Discrimination à l’encontre des femmes parmi les demandeurs d’emploi et sur le lieu de travail

Auteur(s) : Assemblée parlementaire

Origine - Discussion par l’Assemblée le 27 avril 2005 (13e séance) (voir Doc. 10484, rapport de la commission sur l’égalité des chances pour les femmes et les hommes, rapporteuse: Mme Curdová). Texte adopté par l’Assemblée le 27 avril 2005 (13e séance).

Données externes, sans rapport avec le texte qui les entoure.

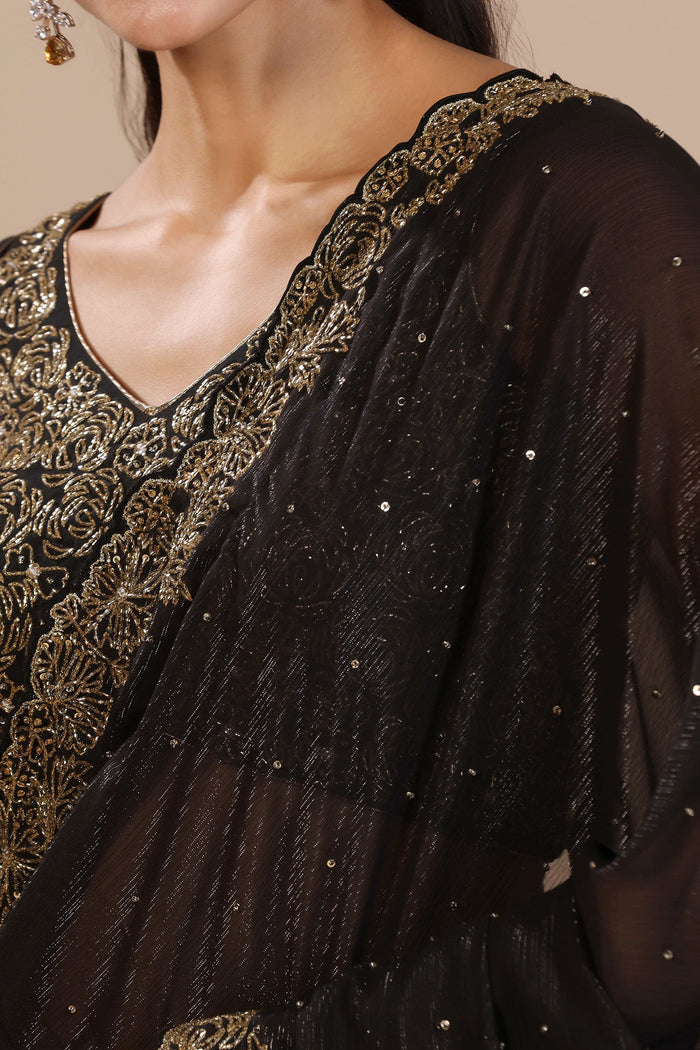 Black Lurex Chiffon Cutdana Embroidered Saree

1. Un des droits fondamentaux des femmes est de ne pas subir de discrimination parmi les demandeurs d’emploi et sur leur lieu de travail. Ce droit est consacré par le droit international, notamment par des conventions des Nations Unies, de l’Organisation internationale du travail (OIT) et par la Charte sociale européenne révisée, ainsi que par le droit national de tous les Etats membres du Conseil de l’Europe et par le droit communautaire. Malheureusement, la réalité n’est pas toujours conforme au droit et, même en Europe, les femmes continuent d’être victimes de multiples discriminations, tant parmi les demandeurs d’emploi que sur leur lieu de travail.
2. Le premier problème que rencontrent les femmes est la difficulté d’accès au marché de l’emploi. Dans la plupart des Etats membres du Conseil de l’Europe, le taux d’activité professionnelle des femmes est inférieur et leur taux de chômage supérieur à ceux des hommes – même s’il existe de fortes variations d’une région à l’autre. En général, les femmes sont bien plus nombreuses que les hommes à occuper des emplois à temps partiel (ce qui ne découle pas toujours d’un choix personnel) et beaucoup sont surqualifiées pour le poste qu’elles occupent. De plus, nombre de femmes sont ce que l’OIT appelle des «travailleurs découragés», à savoir des travailleurs qui n’entrent pas dans les statistiques du chômage de leur pays car ils ne recherchent pas activement un emploi, alors même qu’ils ont une réelle volonté de travailler, soit parce qu’ils pensent qu’ils n’en trouveront pas, soit parce qu’ils se heurtent à la discrimination ou à des barrières structurelles, sociales ou culturelles.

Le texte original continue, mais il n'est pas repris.